Topic: The Great Gatsby (2013, Baz Luhrmann) review by Rob [SPOILERS]
If you've never read F. Scott Fitzgerald's book, Baz Luhrmann's new adaptation might give you the impression that The Great Gatsby is a comic book and not a modern novel. Luhrmann's use of 3D and saturated colors makes West Egg look like a cheerier Sin City. Ultra-stylized visuals made sense for Sin City, which was rooted in the aesthetics of comics and graphic novels. But hey, we expect overripe visuals in a Baz Luhrmann movie.

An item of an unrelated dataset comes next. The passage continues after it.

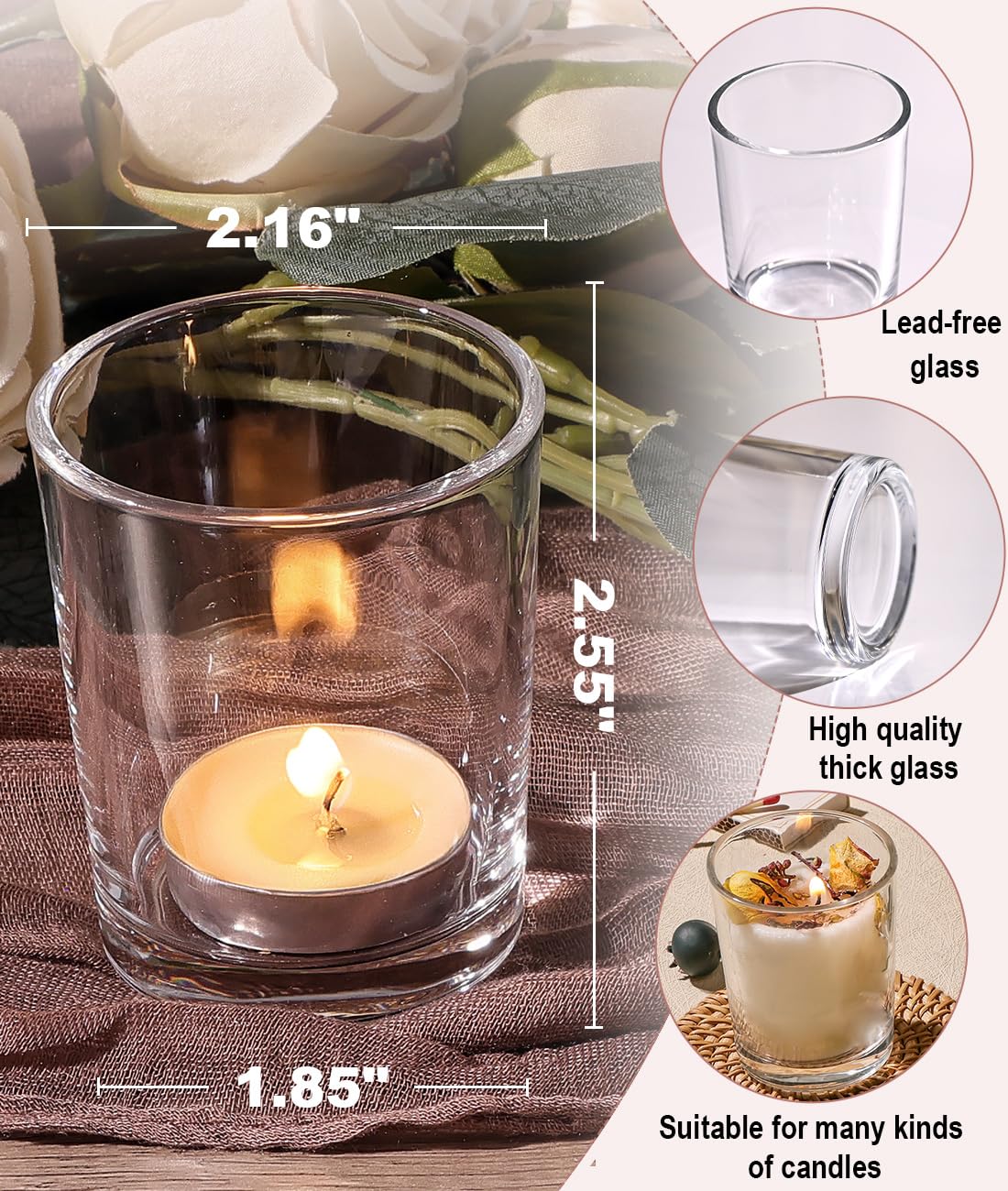 Letine protective packaging preserves votive holders during shipping.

Beyond its looks, there are moments in the new Gatsby that verge on Luhrmann self-parody. Does substituting Jay-Z songs for actual jazz-age period music help Luhrman tell the story or explore its themes? (Jay-Z has a knack for shoehorning his music into recent period movies. Buy a ticket to the new Jackie Robinson biopic, and you'll see Robinson taking the field to "Brooklyn We Go Hard"—you know, just like he did back in '47.) I thought the use of pop music in Moulin Rouge! was inspired, but this is an artless effort to sell the soundtrack. Luhrmann apparently wants to make sure that whenever today's youth think of the literary genius that was Francis Scott Fitzgerald, they will think of Fergie. And when Luhrman does use period music, it's often used lazily, as if under protest. At one point, "Rhapsody in Blue" becomes background music for a dialogue scene. Something about that feels immoral.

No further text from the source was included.